A real-life example:
Let’s assume that we have a system which stores data for distributors who sell products manufactured by some company. Each distributor receives points for selling products and may redeem a specified number of points to obtain a discount or extra bonus. Points are calculated by an external system and updated very frequently – after processing of each order placed by the distributor himself, a member of the distributor group, or a customer assigned to the distributor. The distributor is identified using a distributor number. We are using a DB2 database.
We need to design a database which stores basic data about the distributor and points earned and redeemed. The first attempt is simple:
We have all data in one table and we made sure that it meets third normal form.
But when the system grew, we noticed that each record in the distributor table was updated very frequently. Data from this table was read every time a user logs into the system, and those reads were locked by updates (differences between database engines is another story). Because of these locks, request processing was slow. The problem was caused by mixing the following two types of data in one table:
- data updated very frequently but read rarely (points)
- data updated rarely but read frequently (personal data)
In fact, by mixing different data, we made a hidden dependency (through a data layer) between parts of the system. Frequent points updates impacted performance in other parts of the system not related to points.
To fix the problem we made changes in the data model:
Now, data with different update frequencies are separated. But still, when points updates are provided by the external system, we need to execute two SQL queries: one to get the distributor ID using the distributor number, and one to update points. Please note that the database still meets third normal form, there is no de-normalization!

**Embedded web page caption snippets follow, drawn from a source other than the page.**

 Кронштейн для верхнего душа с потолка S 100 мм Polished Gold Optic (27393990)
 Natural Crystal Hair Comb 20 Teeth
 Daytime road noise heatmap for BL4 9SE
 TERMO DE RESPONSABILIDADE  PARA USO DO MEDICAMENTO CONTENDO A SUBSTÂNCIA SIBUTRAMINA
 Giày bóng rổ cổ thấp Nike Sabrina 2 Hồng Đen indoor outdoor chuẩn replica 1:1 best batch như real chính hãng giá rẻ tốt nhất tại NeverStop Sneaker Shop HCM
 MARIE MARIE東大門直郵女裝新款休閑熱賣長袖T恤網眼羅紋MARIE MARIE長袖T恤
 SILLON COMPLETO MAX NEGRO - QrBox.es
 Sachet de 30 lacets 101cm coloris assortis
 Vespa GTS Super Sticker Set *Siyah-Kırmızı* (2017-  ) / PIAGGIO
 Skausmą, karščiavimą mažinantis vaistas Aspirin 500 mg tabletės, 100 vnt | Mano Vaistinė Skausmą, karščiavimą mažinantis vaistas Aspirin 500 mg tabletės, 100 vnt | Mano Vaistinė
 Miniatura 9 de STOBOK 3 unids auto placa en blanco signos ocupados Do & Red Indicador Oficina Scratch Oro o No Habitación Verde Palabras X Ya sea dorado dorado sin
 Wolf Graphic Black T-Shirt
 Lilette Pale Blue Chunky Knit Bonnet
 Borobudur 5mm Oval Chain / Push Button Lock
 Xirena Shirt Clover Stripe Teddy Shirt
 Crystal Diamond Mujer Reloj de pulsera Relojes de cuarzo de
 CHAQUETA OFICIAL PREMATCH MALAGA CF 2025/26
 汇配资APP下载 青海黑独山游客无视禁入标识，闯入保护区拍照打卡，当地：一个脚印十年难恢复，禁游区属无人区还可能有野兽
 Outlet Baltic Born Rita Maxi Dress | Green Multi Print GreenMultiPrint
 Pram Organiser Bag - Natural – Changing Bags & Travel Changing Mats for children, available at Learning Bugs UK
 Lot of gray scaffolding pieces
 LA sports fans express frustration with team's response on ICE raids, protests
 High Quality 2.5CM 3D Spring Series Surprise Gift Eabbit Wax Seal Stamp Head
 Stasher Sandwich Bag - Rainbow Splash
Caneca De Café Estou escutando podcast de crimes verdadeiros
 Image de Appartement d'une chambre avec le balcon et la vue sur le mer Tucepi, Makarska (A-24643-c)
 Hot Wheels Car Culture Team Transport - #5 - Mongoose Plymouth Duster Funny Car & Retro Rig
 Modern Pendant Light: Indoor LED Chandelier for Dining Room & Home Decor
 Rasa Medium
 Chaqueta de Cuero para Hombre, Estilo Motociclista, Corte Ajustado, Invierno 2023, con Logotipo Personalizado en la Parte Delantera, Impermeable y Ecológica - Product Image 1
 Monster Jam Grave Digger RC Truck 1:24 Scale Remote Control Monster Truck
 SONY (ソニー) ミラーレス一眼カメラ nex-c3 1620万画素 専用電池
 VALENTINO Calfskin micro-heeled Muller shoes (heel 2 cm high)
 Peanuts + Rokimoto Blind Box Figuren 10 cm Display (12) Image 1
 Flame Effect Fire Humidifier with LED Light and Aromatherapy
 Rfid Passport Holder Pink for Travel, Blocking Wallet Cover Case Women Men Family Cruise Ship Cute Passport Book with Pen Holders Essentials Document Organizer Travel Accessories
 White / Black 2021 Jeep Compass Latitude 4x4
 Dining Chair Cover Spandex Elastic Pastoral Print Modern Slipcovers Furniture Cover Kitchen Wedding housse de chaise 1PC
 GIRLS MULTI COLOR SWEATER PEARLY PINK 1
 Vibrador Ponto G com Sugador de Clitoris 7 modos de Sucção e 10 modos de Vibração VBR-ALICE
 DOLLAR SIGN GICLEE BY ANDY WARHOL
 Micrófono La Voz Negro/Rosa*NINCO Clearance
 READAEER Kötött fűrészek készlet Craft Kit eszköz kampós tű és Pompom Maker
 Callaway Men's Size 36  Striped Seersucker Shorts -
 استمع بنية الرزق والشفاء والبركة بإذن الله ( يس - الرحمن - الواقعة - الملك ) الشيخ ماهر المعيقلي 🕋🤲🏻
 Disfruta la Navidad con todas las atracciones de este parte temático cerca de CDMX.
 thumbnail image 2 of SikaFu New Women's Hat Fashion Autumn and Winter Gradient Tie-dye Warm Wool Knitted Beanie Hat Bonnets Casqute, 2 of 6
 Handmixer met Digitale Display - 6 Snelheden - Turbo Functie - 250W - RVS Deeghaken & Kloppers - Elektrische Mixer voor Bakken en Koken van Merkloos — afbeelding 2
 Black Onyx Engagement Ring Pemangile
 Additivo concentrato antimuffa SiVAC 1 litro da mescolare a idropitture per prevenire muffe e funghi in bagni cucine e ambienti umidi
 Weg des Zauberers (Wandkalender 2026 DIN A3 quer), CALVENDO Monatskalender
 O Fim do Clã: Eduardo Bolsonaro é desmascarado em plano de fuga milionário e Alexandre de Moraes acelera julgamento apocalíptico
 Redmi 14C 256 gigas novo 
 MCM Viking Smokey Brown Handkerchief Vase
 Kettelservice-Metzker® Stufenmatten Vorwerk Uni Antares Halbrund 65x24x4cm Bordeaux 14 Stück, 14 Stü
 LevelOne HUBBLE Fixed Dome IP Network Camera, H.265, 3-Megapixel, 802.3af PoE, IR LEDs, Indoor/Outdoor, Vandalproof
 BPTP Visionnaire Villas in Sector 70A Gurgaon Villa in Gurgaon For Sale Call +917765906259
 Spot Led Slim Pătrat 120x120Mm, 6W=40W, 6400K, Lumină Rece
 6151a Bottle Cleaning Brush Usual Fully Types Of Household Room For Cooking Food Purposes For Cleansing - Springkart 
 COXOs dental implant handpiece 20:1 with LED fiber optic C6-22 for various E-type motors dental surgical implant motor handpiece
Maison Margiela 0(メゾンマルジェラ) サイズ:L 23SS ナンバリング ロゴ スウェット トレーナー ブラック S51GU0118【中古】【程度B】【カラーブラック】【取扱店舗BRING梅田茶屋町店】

Finally, after many changes, we ended up with following structure. Since points are now updated by an external system using direct database access, there is no connection between the two tables. The external system can provide information about distributor’s points before a related record will be added in the distributor table, so there is no foreign key. Such “orphaned records” in the distributor_points table do not harm the system, they are just never displayed. Please note that this data structure still meets third normal form.
- When your system is simple and there is low traffic, third simple form is enough.
- When your system is complicated and heavily loaded, then you should analyze how the system reads from and writes to your database and separate data based on the frequency of writes and reads (in general: data that have different natures).
- The fun starts when you have about 1000 transactions per second :).